Falei um pouco mais disso no vídeo aqui:
Às vezes, a resposta vem rápido na forma de um insight, uma técnica, um plano de ação. Outras vezes, ela demora. E tudo bem. Porque nem toda resposta é imediata. Às vezes, a gente precisa de tempo para transformar uma ideia em prática.
E o mesmo vale para a ficção. Quando Ema Bovary se pergunta por que o amor não é como nos livros, o leitor atento também se pergunta:
Por que eu espero que a vida seja como imaginei?
Por que me frustro quando as coisas reais não se parecem com os meus planos?

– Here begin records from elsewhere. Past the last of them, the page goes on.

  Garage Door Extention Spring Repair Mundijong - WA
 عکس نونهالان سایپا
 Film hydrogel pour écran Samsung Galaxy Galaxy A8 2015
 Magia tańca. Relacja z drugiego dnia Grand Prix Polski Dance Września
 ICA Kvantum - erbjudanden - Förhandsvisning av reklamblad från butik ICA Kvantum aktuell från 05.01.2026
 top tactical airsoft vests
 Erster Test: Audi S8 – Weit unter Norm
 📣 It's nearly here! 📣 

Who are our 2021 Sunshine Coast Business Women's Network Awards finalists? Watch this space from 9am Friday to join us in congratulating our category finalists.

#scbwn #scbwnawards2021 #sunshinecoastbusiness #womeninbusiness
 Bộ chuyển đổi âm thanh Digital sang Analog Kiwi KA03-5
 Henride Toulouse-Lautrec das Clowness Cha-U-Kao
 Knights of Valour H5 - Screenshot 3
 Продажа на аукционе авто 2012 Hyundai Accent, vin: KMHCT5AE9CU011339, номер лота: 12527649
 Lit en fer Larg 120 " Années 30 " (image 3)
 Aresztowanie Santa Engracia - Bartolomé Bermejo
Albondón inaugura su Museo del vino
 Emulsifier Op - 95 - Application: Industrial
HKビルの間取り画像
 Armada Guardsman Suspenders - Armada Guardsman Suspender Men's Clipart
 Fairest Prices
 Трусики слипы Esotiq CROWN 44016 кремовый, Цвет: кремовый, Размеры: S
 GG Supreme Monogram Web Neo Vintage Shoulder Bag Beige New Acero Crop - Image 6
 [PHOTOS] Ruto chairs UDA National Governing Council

Por que… complete você a pergunta.
Aqui está o ponto: a ficção não é o oposto da prática.
Ela é uma forma mais sofisticada de prática — uma que treina o olhar, a escuta, a empatia. Que nos prepara, não para repetir uma técnica, mas para reconhecer quando uma escolha se repete. Quando um padrão se revela. Quando o desejo atrapalha a realidade, ou quando a expectativa distorce o presente.
Ler sobre Ema não vai te ensinar a montar um cronograma. Mas talvez te ajude a perceber por que você abandona tantos. Talvez te ajude a entender que não é só questão de disciplina, mas de desejo mal canalizado. De um impulso por novidade, por intensidade, por recompensa imediata — o mesmo que move Ema, de certo modo.
No fim, tanto um livro de produtividade quanto um romance clássico pedem o mesmo do leitor: atenção. Não só ao que está sendo dito, mas ao modo como isso ressoa em você. A diferença é que um entrega ferramentas. O outro, espelhos.
Ambos podem ser úteis. Desde que você esteja com os ouvidos atentos e pare para a escutar.